Replacing plastic, wick-based cartridges is the next step in perfecting the cannabis oil cartridge. In my experience, plastic wick cartridges impart a distinct chemical flavor, especially after consecutive pulls and when the oil is low. Whether it’s the extra heat or the volume of the cartridge, this first generation hardware needs to be replaced.
Regardless of potency, I think we can agree that the only flavor we want to taste is delicious cannabis oil and not the materials it’s housed in. Nowadays, oil cartridges are made of metal and glass and typically utilize an inline pipe system, removing the need for a wick. I’m aware of the cost differentials, but consider this: many metal and glass cartridges are refillable, and some dispensaries offer receptacles to recycle them if they are not.
If metal and glass cartridges become more cost-effective and functionally more convenient, cannabis oil consumers could have better flavor and the potency they’ve always enjoyed without too much compromise. And if refilling cartridges isn’t the trend we want to preserve, at least having a chance to recycle these materials could help reduce the waste and environmental impacted created by their sale.
Call me a snob, but I like the taste of cannabis, and all the imitation terpene profiles or bubblegum/unicorn tears/ bullshit-flavored cartridges out there should be left for the e-cig juicers. If you like e-cig flavors, that’s great, you do you. But to obfuscate the complexity and nuance of cannabis because appealing to sweet-toothed consumers is more profitable is a disservice to the plant, the industry, and the consumers within it.

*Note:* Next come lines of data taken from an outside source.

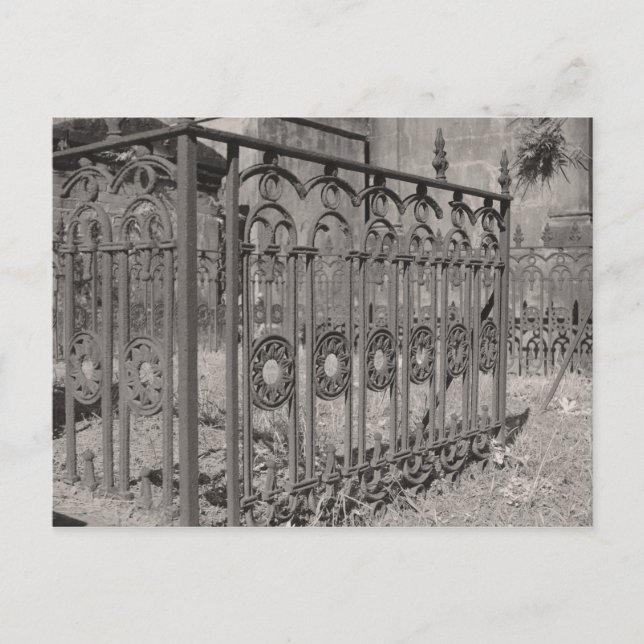 Carte Postale Clôture de clôture rouillée (Devant)
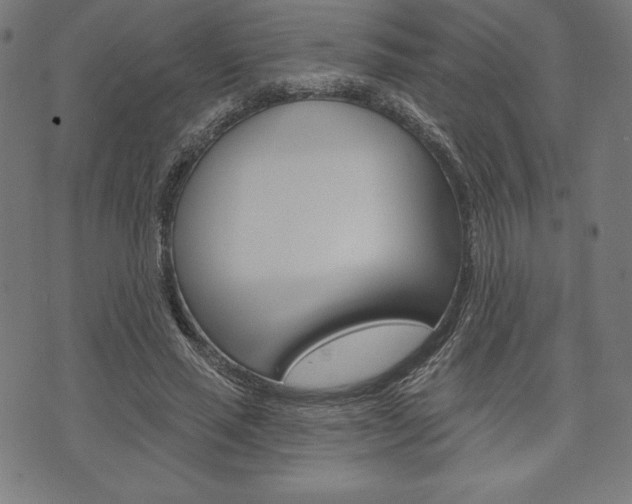 X0000073970637200608210944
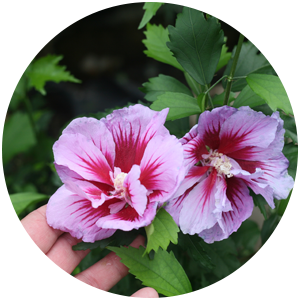 pruning purple pillar hibiscus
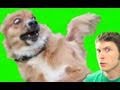PUPPY NOT WANT!! Miniatura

Wine and coffee are two industries that have flourished because their audiences recognizes the difference between good wine/coffee and bad wine/coffee. Sure, a bottle of Three Buck Chuck will get you to where you need to be, and if you add a little Sprite and grape juice to the mix even the most caustic Cabernet will go down with ease. But if you’re used to adding more palatable flavors to a low-quality product, you may end up relying on those flavors too much and can fail to identify (or appreciate) what makes a high-quality product shine.

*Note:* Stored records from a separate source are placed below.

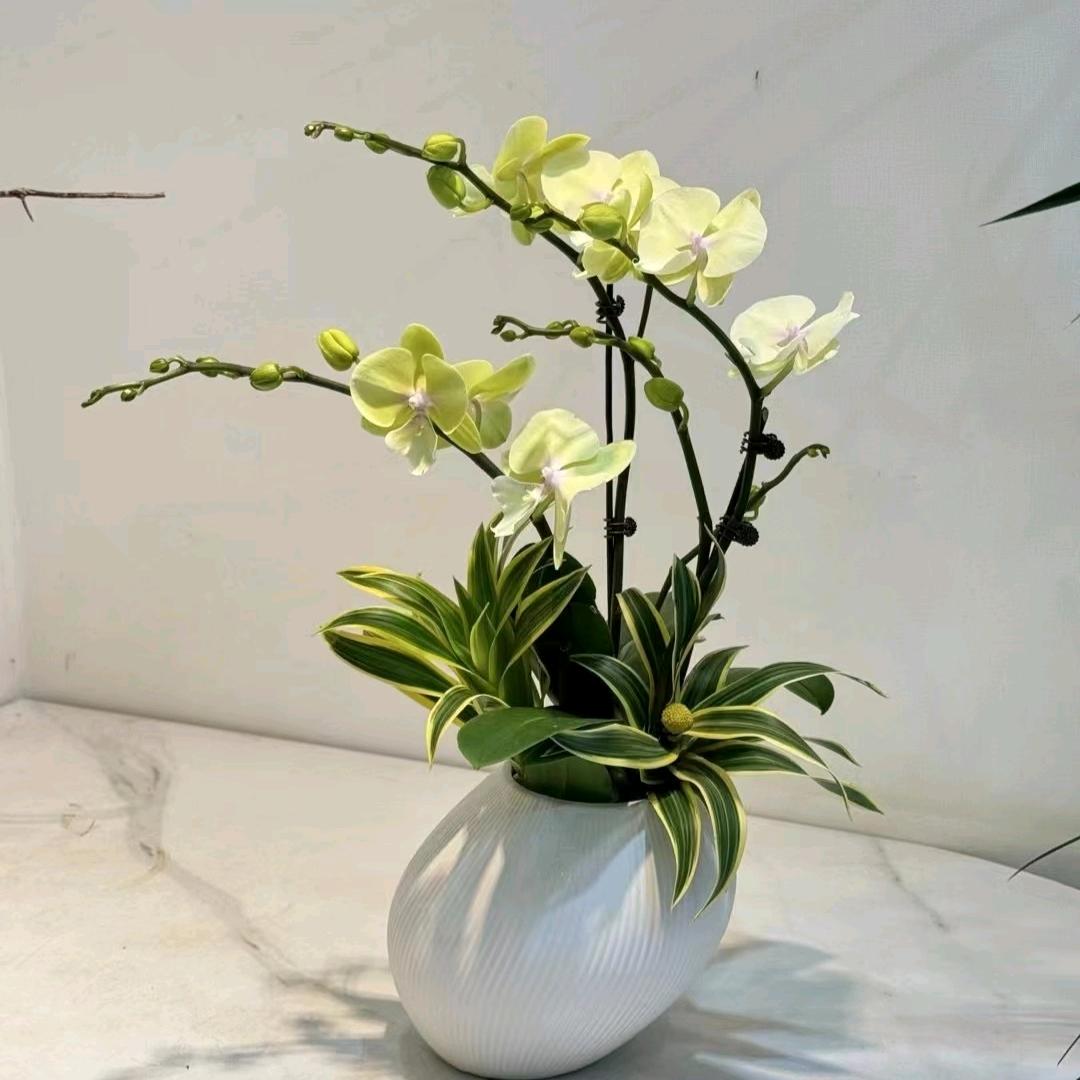 温馨满屋花卉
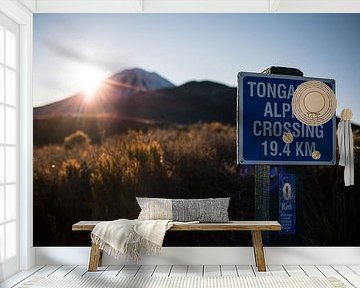 Tongariro Alpine Crossing, New Zealand by Martijn Smeets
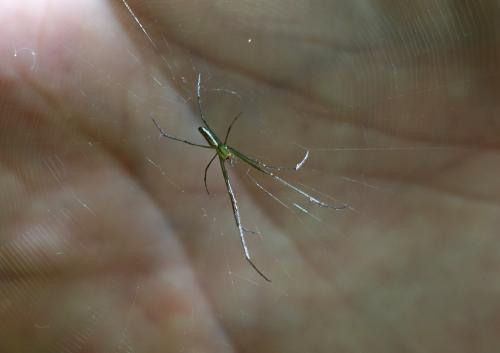 Leucauge sp.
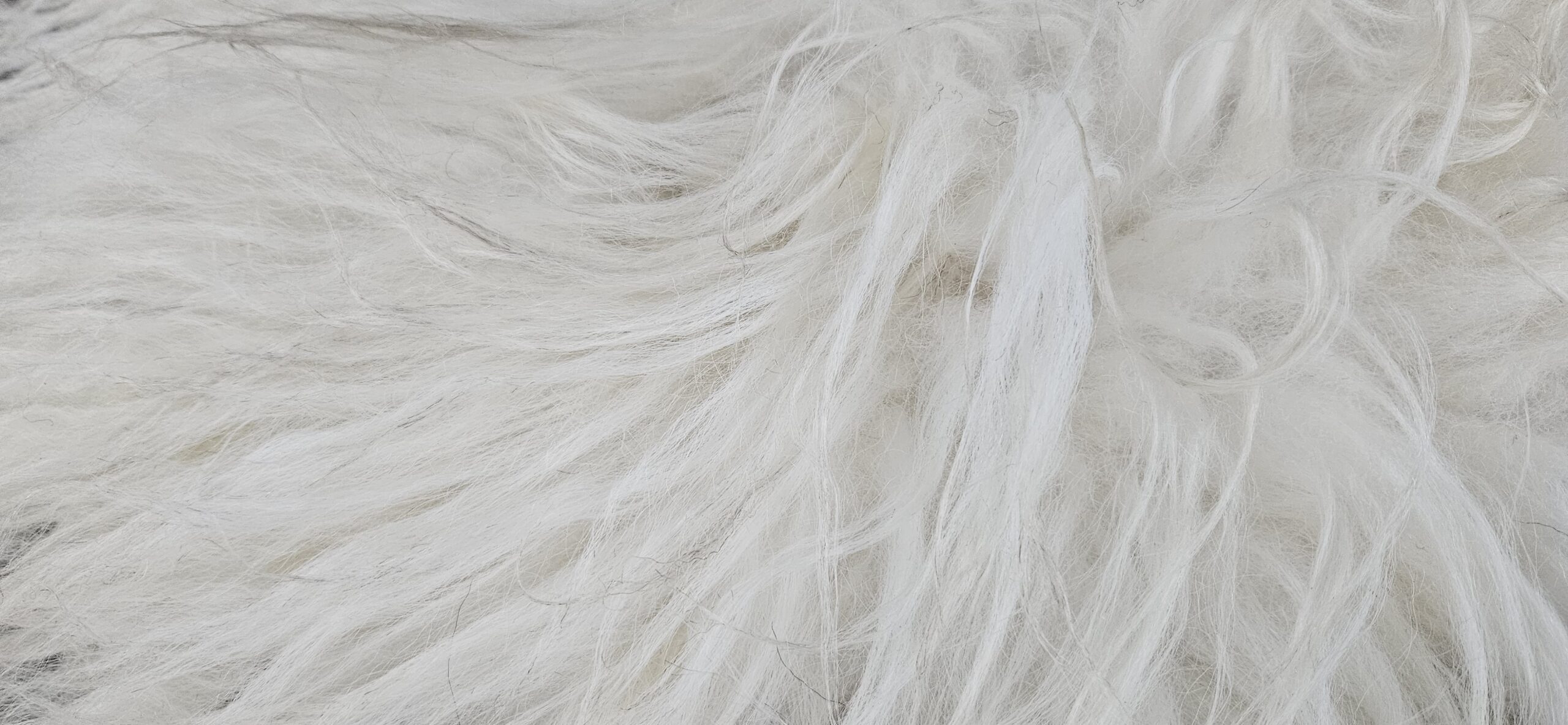 Vacht wit 'Misty' - Afbeelding 3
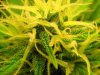 Day57Buds1.jpg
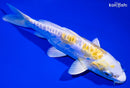 6.25" DOITSU LEMON HARIWAKE
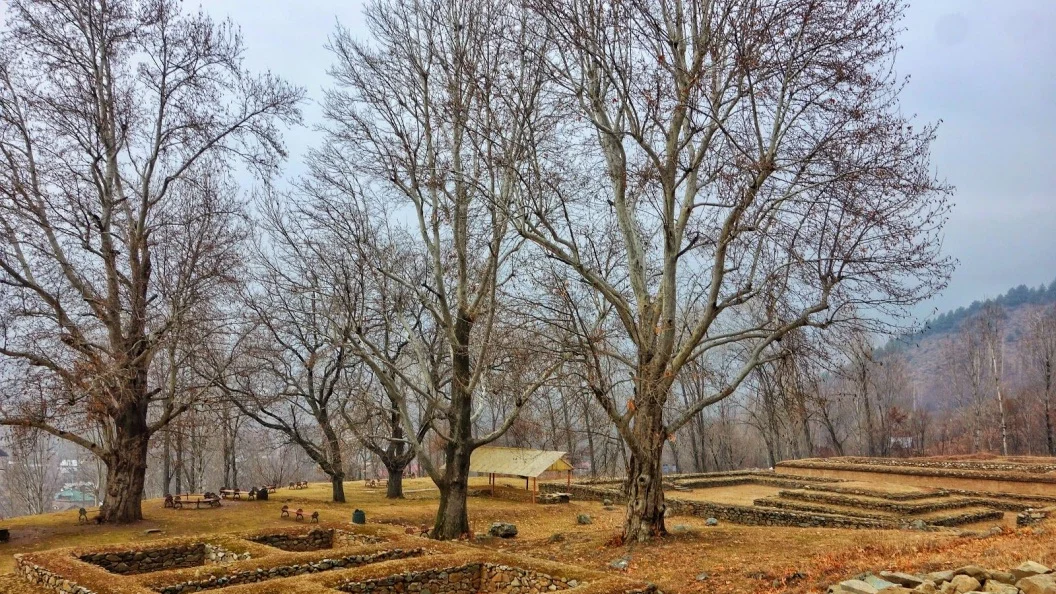 Another view of the Complex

It’s the industry’s responsibility to grow the appreciation and respect for cannabis from seed to sale to smoke. Just remember, cannabis-derived, strain-specific terpene profiles are the way to go. They not only keep the cannabis smoking experience intact, they allow us to talk about flavors and experiences in a more concrete way by preserving the entourage of chemicals native to a particular strain. The breeder and grower are represented better, the processor is praised for the integrity of its oil, and the consumer gets a true-to-life cannabis experience that is recognizable. Do the right thing and keep it pure!
These are just a few practices that need to be poured out with the ashes. Time is always a better judge, but if you’re following, there are already movers and shakers taking note. The cannabis culture is more alive and vibrant than ever before, and I look forward to seeing it grow tall in the light of a prosperous industry.